Entre le SDEC et le journal d’extrême droite Rivarol, Gérard de Villier exprime à lui tout seul l’histoire politique des services secrets. Bien avant l’heure, l’écrivain populaire a incarné les « valeurs » de la droite forte et musclée dans un style plutôt « brut de décoffrage ».
On s’étonnait que ses livres soient aussi bien documentés, la réalité se nichait dans les couloirs des barbouzes de la République. Des anciens de normale sup en mal du pays lexical !
Le fonctionnaire qui a trouvé l’idée d’utiliser un écrivain populaire pour véhiculer ses informations top secret avait eu un coup de génie et peut aujourd’hui se considérer comme un grand éditeur. L’époque était à la lecture et surtout à la lecture populaire. Il en serait différent aujourd’hui où l’on aperçoit nos brillants agents du SDEC aiguillonner les scénarios de films. La lecture ne représente plus un enjeu idéologique .Elle n’est donc plus la cible de l’intoxication publique.

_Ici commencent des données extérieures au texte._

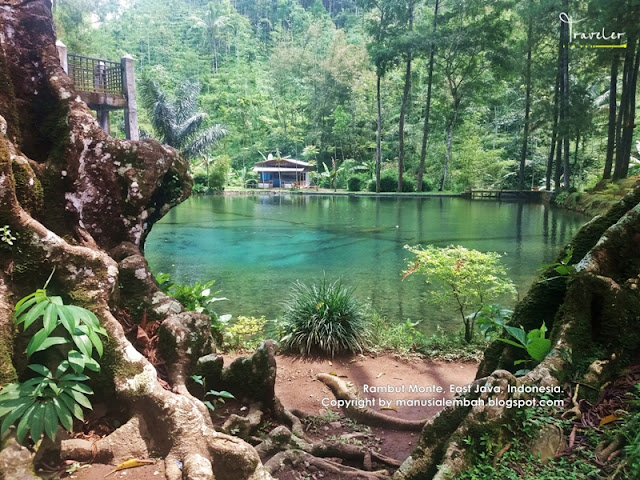 telaga rambut monte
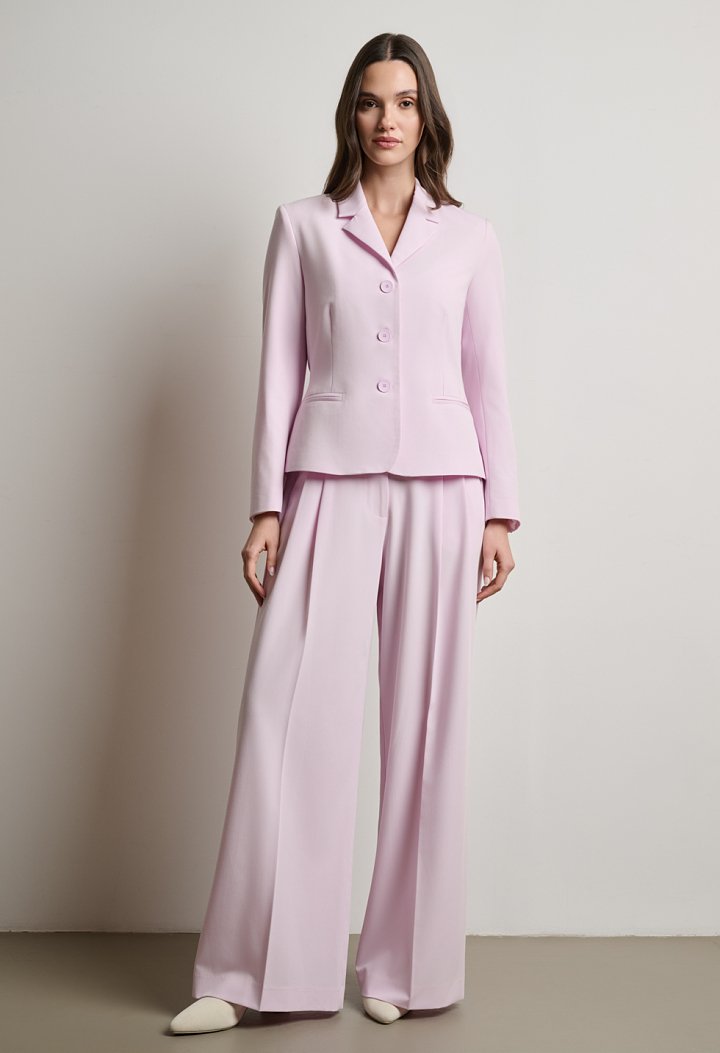 Tailored κοστούμι σε ροζ απόχρωση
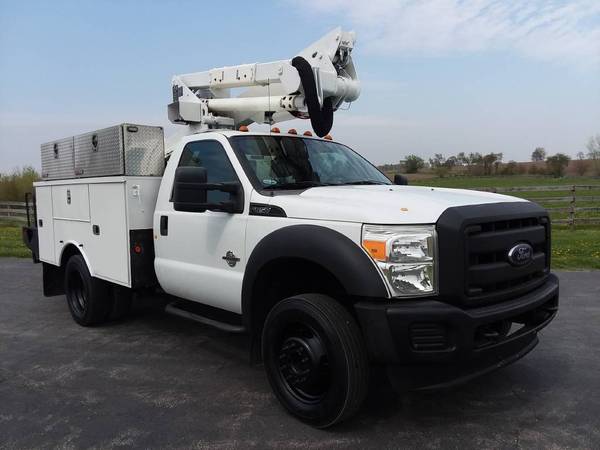 2012 Ford F550 42 Altec AT37G 4x4 Automatic Diesel Bucket Truck for sale in Gilberts, IN – photo 22
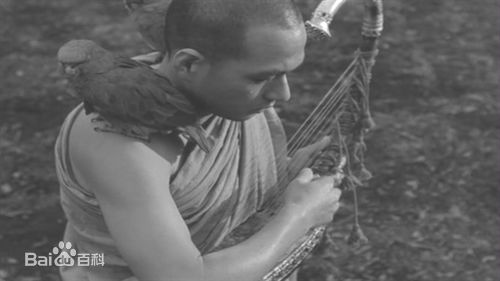 市川昆(KonIchikawa)导演的《缅甸的竖琴》剧照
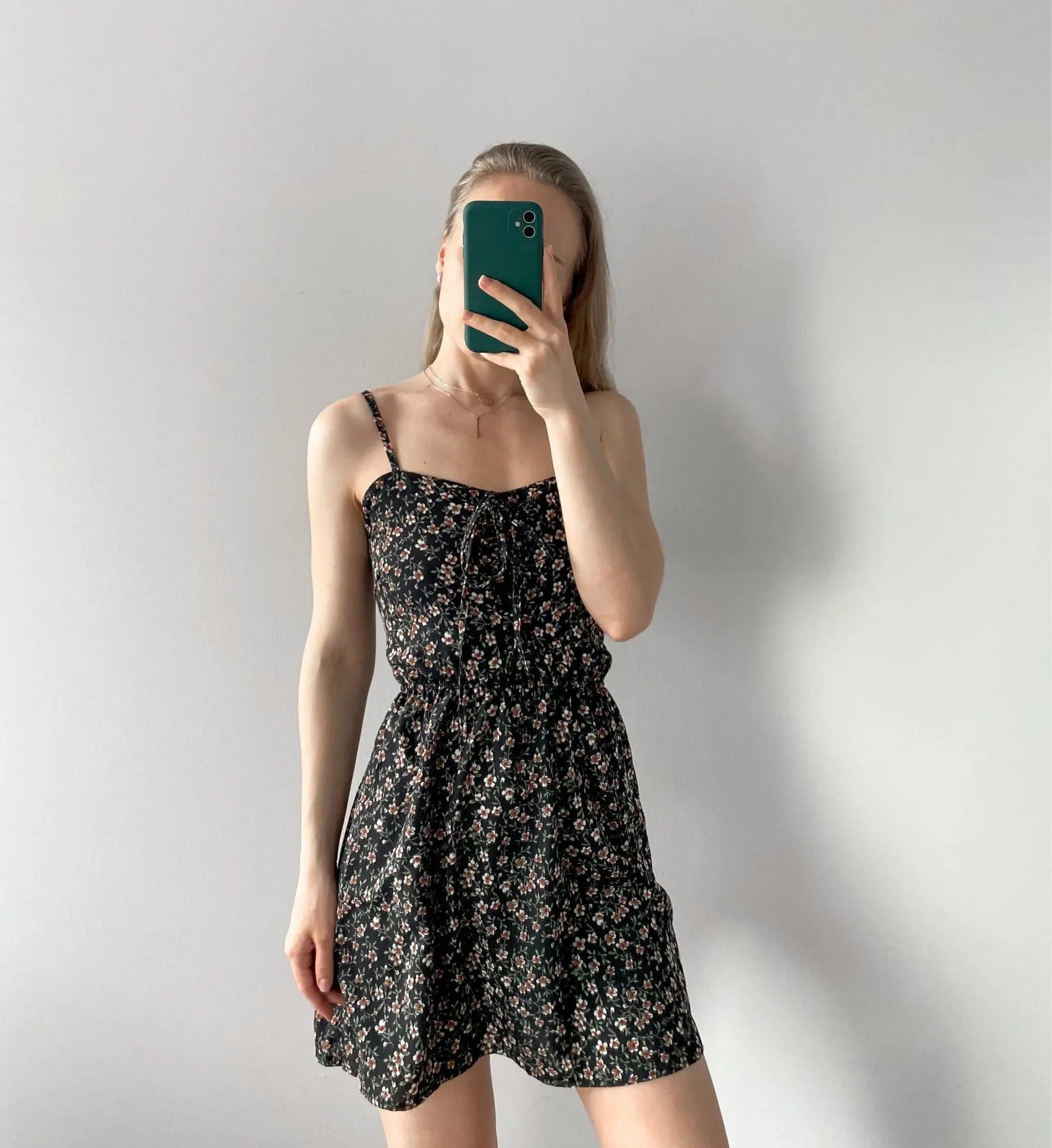 SheHori - Clothing Printing Halter Mini Dress streetwear fashion, outfit, versatile fashion shehori.com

Les services de renseignement et leur conception de la désinformation nous en apprennent plus sur nous-mêmes et notre perméabilité aux nouveaux supports d’information que toutes les études stigmatisant la baisse du niveau de lecture.
Le SDEC aura à sa façon, jouée un temps aux professeurs de français, une sorte de littérature de la subvention et de la subversion. Un exercice qui s’éteint avec la baisse de popularité du roman de Gare.